» **Action item**
Starting at the line that contains "used 2022 Tesla", write out every line through the end of the records below exactly as it appears, and leave out all pictures.

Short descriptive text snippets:
*** Begin section ***

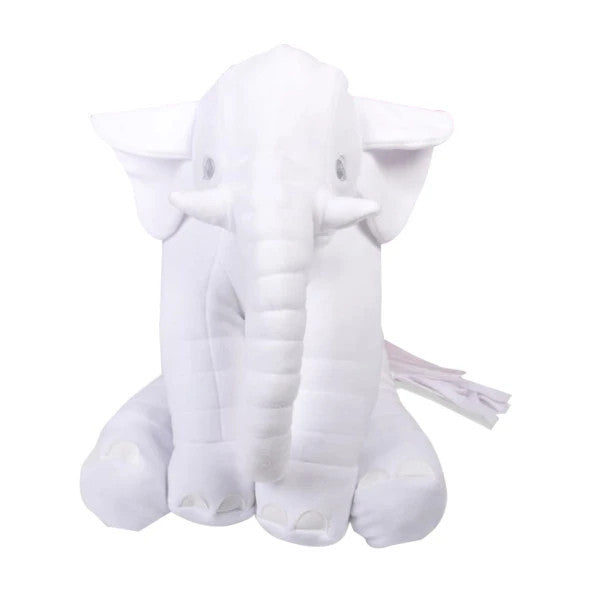 Big Sleeping Companion Plush Elephant Plush Sleeping Elephant 60 Cm White Elephant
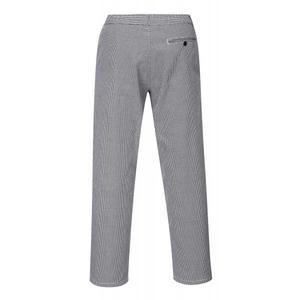 Portwest-S068HTRL Harrow Houndstooth Chefs-EAN 5036108030828เชฟและชุดทำงานในอุตสาหกรรมอาหาร - Product Image 2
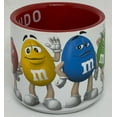 thumbnail image 2 of M&M's World Orlando Espresso Mug Shot Glass Red Brown Yellow Blue Green Orange, 2 of 3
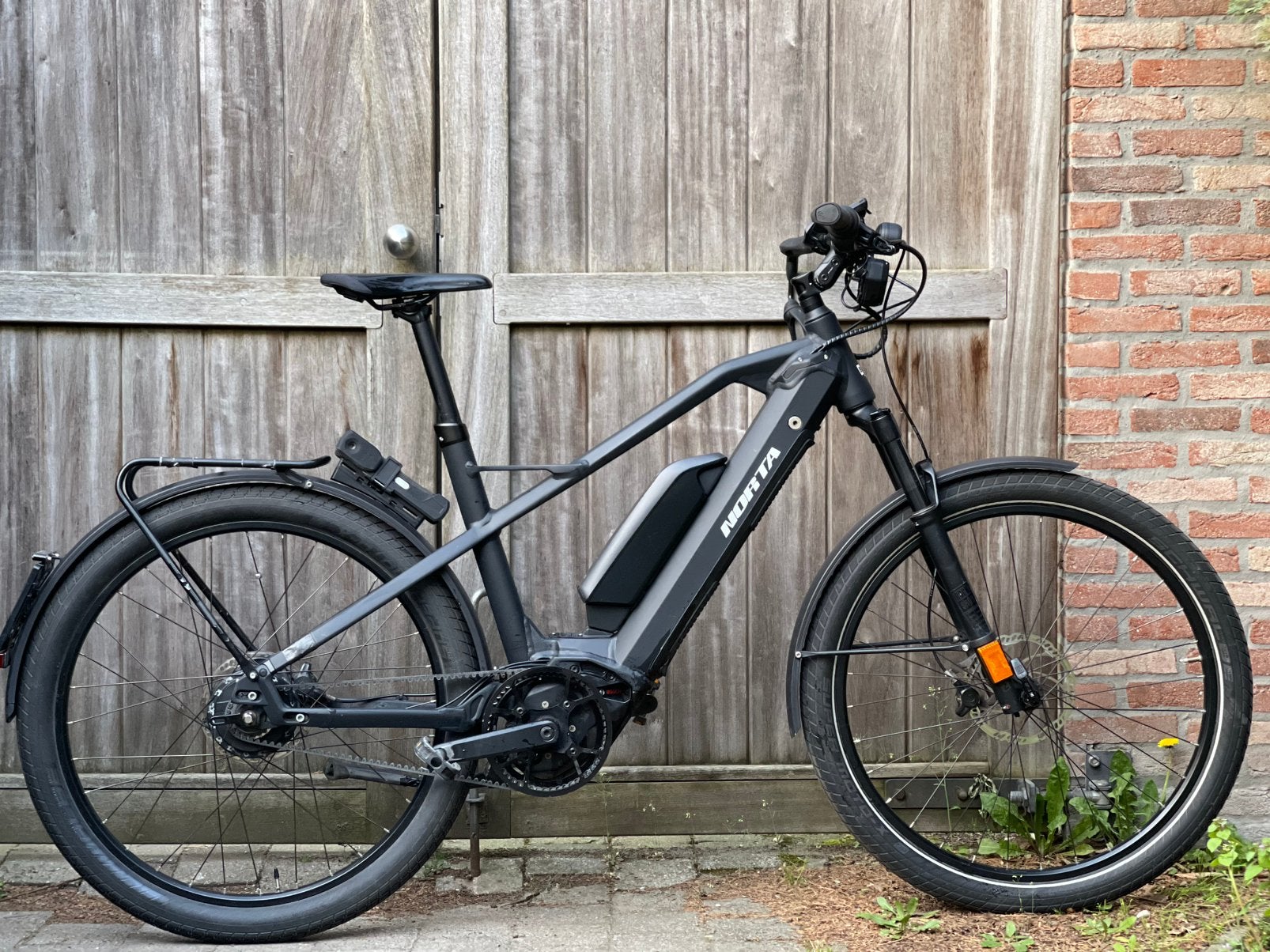 Norta B5.040 speedpedelec met dubbele batterij 1126wh!, Fietsen en Brommers, Elektrische fietsen, Zo goed als nieuw, Overige merken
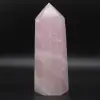 Prisma aus Rosenquarz - 0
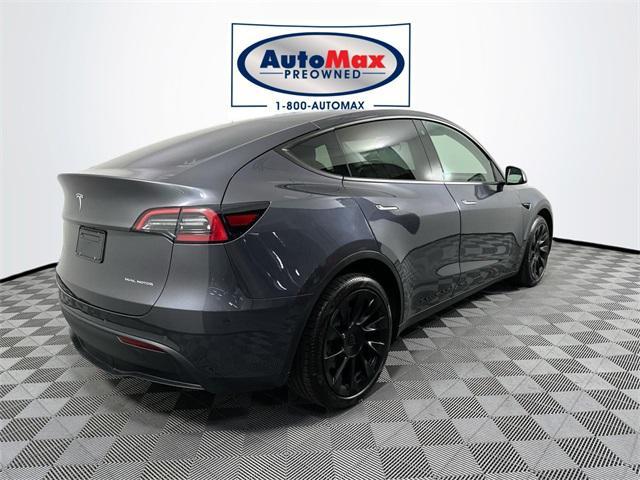 used 2022 Tesla Model Y car, priced at $28,999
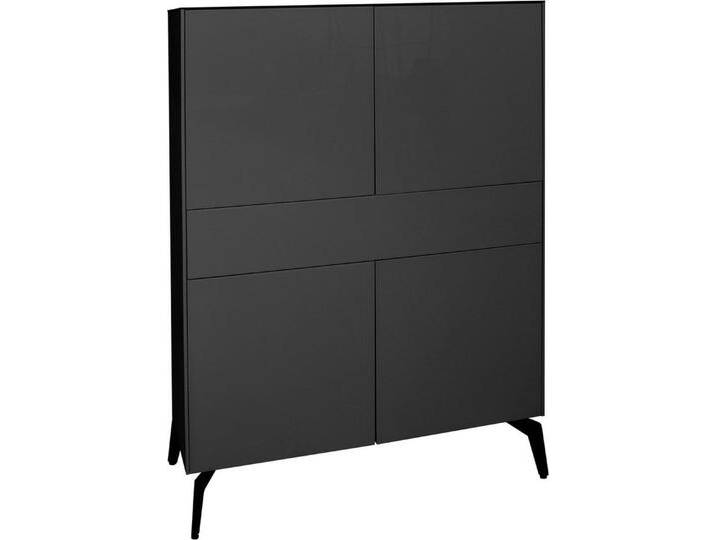 Mäusbacher Highboard Imola TOPSELLER! (OTTOs Choice), Mäusbacher Highboard, Breite 121 cm, mit Glasfront und Glasoberplatte von Gerd-Mäusbacher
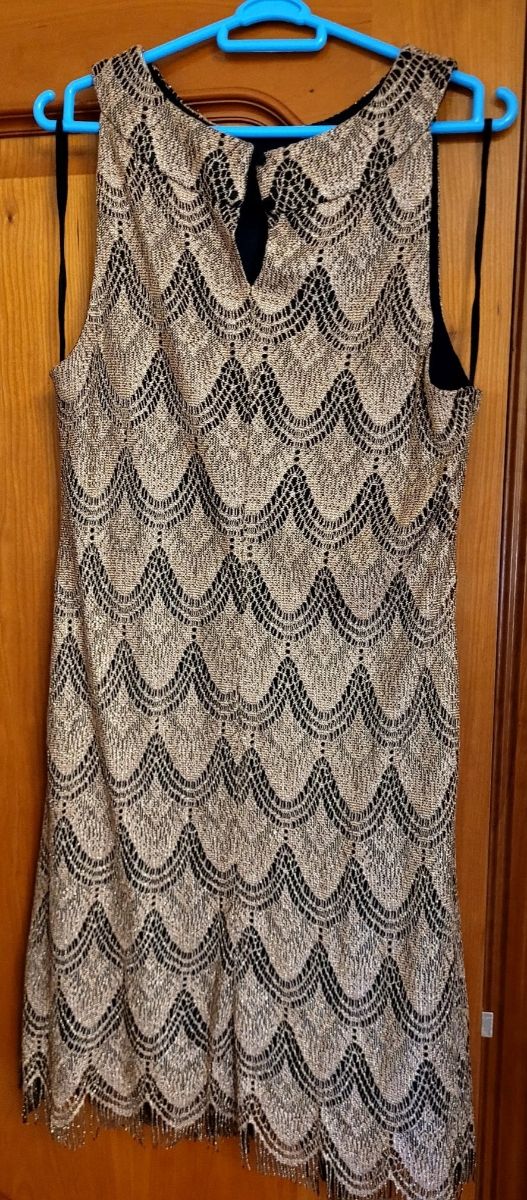 Vestido de fiesta, marca S.L Fashion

*** End section ***

» **Written reply**
 used 2022 Tesla Model Y car, priced at $28,999
 Mäusbacher Highboard Imola TOPSELLER! (OTTOs Choice), Mäusbacher Highboard, Breite 121 cm, mit Glasfront und Glasoberplatte von Gerd-Mäusbacher
 Vestido de fiesta, marca S.L Fashion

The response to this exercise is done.